**WHAT IS BEING ASKED**
All entries should be copied exactly; the pictures stay out.

INFORMATION GIVEN START

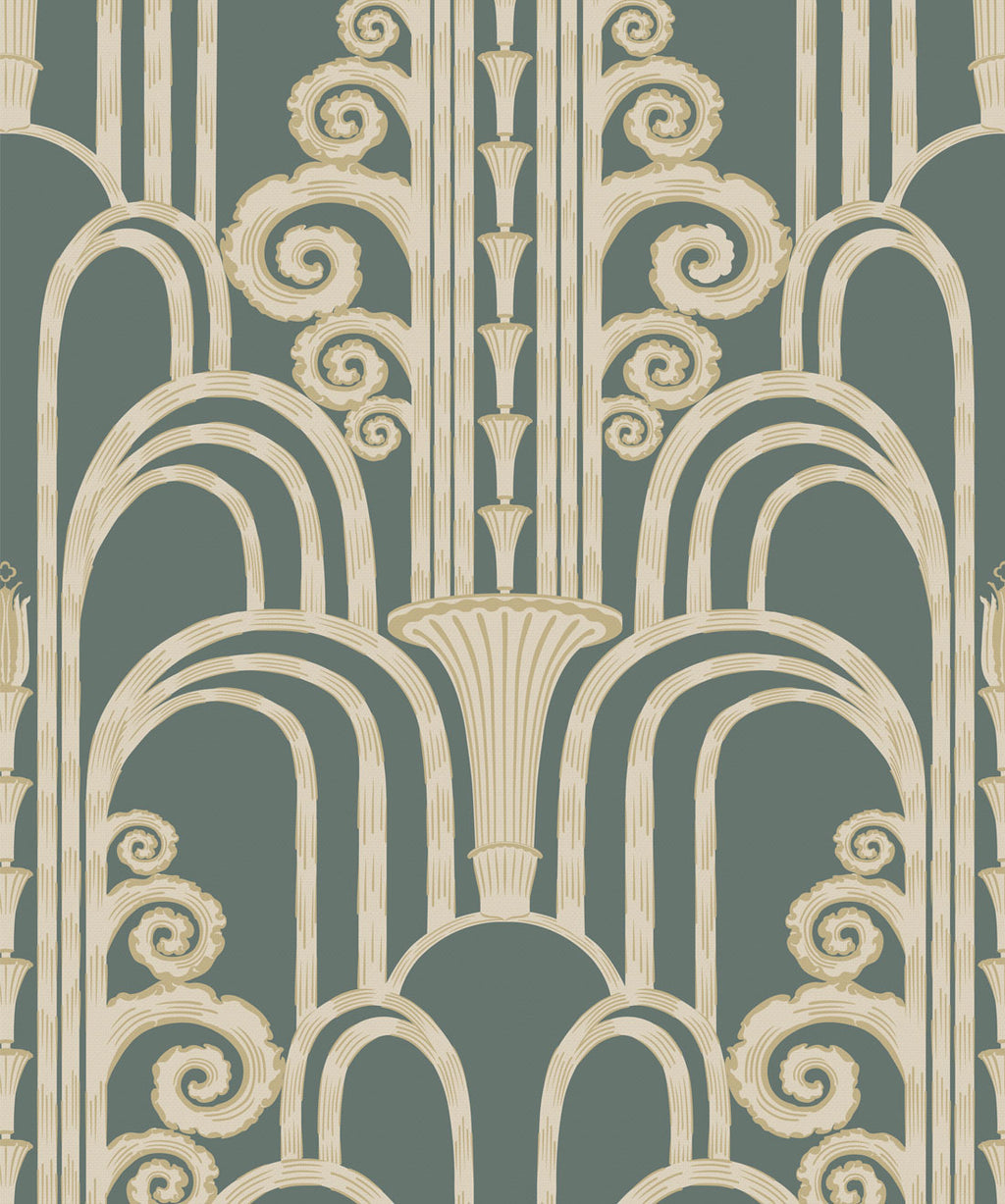 La Fontaine Wallpaper, Convent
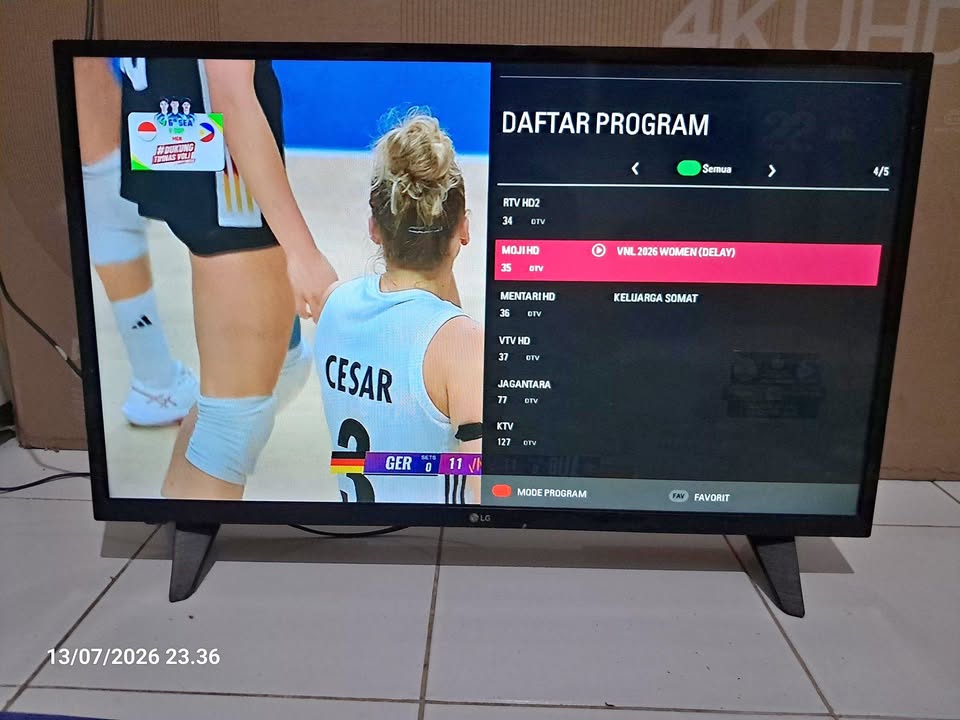Tv LG digital 32in normal no minus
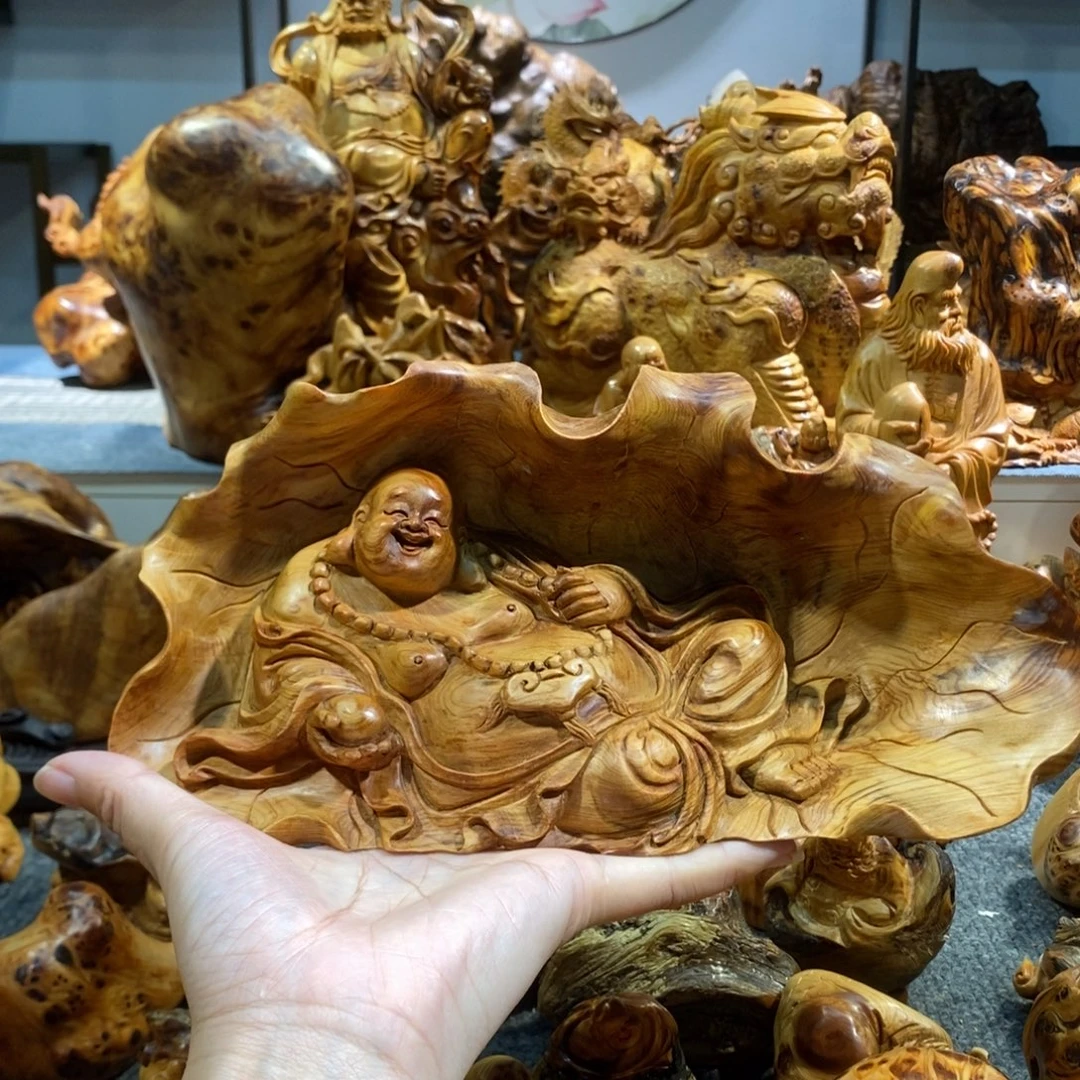 木崖柏工艺品摆件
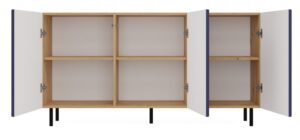 Komoda KAMA 3D SLIM ARISAN GRANAT - obrazek 5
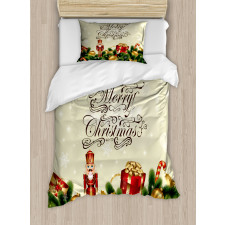 Noel Ribbons Duvet Cover Set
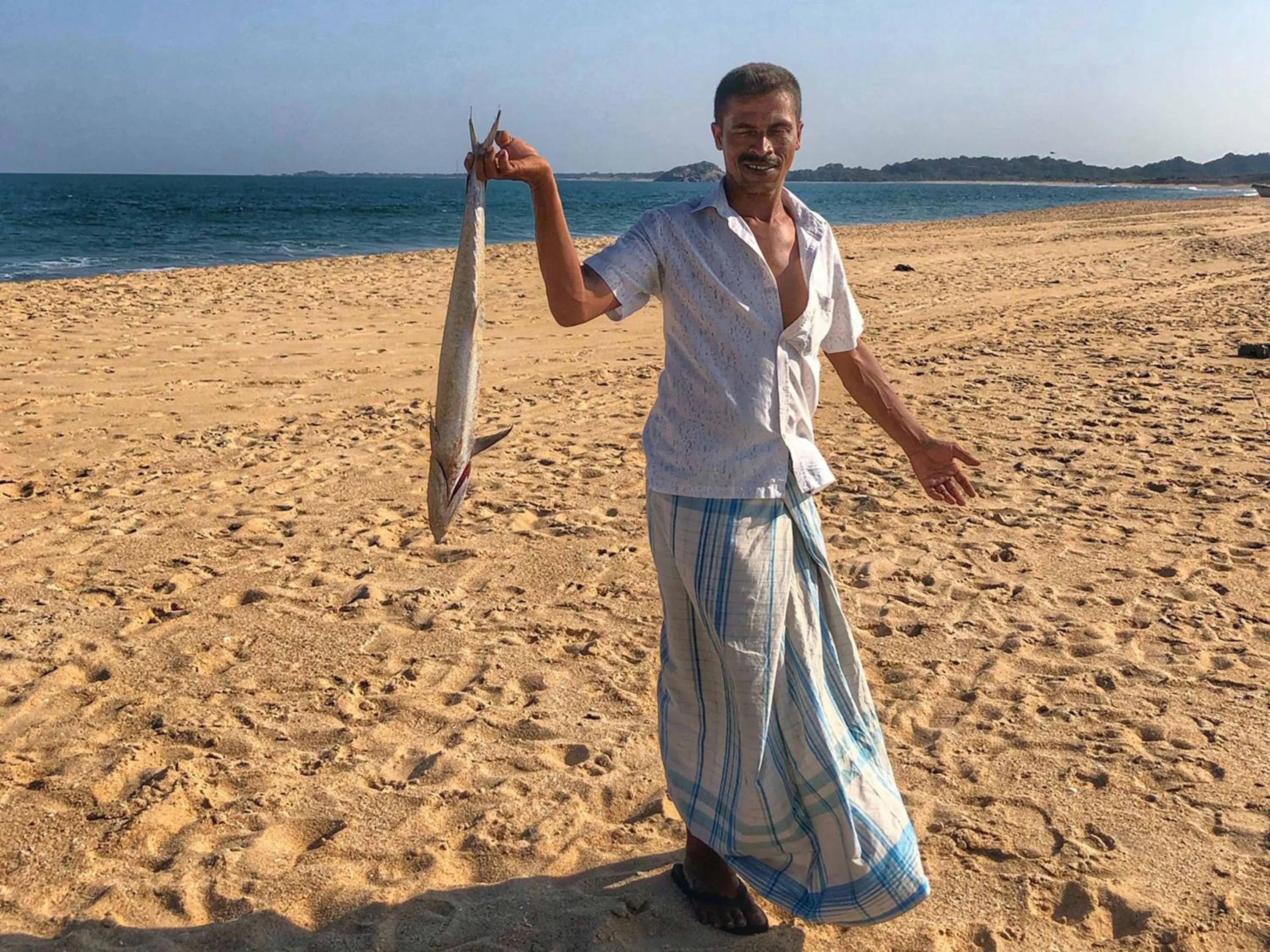 Staff in Kadjan villa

INFORMATION GIVEN END

**REPLY**
 La Fontaine Wallpaper, Convent
Tv LG digital 32in normal no minus
 木崖柏工艺品摆件
 Komoda KAMA 3D SLIM ARISAN GRANAT - obrazek 5
 Noel Ribbons Duvet Cover Set
 Staff in Kadjan villa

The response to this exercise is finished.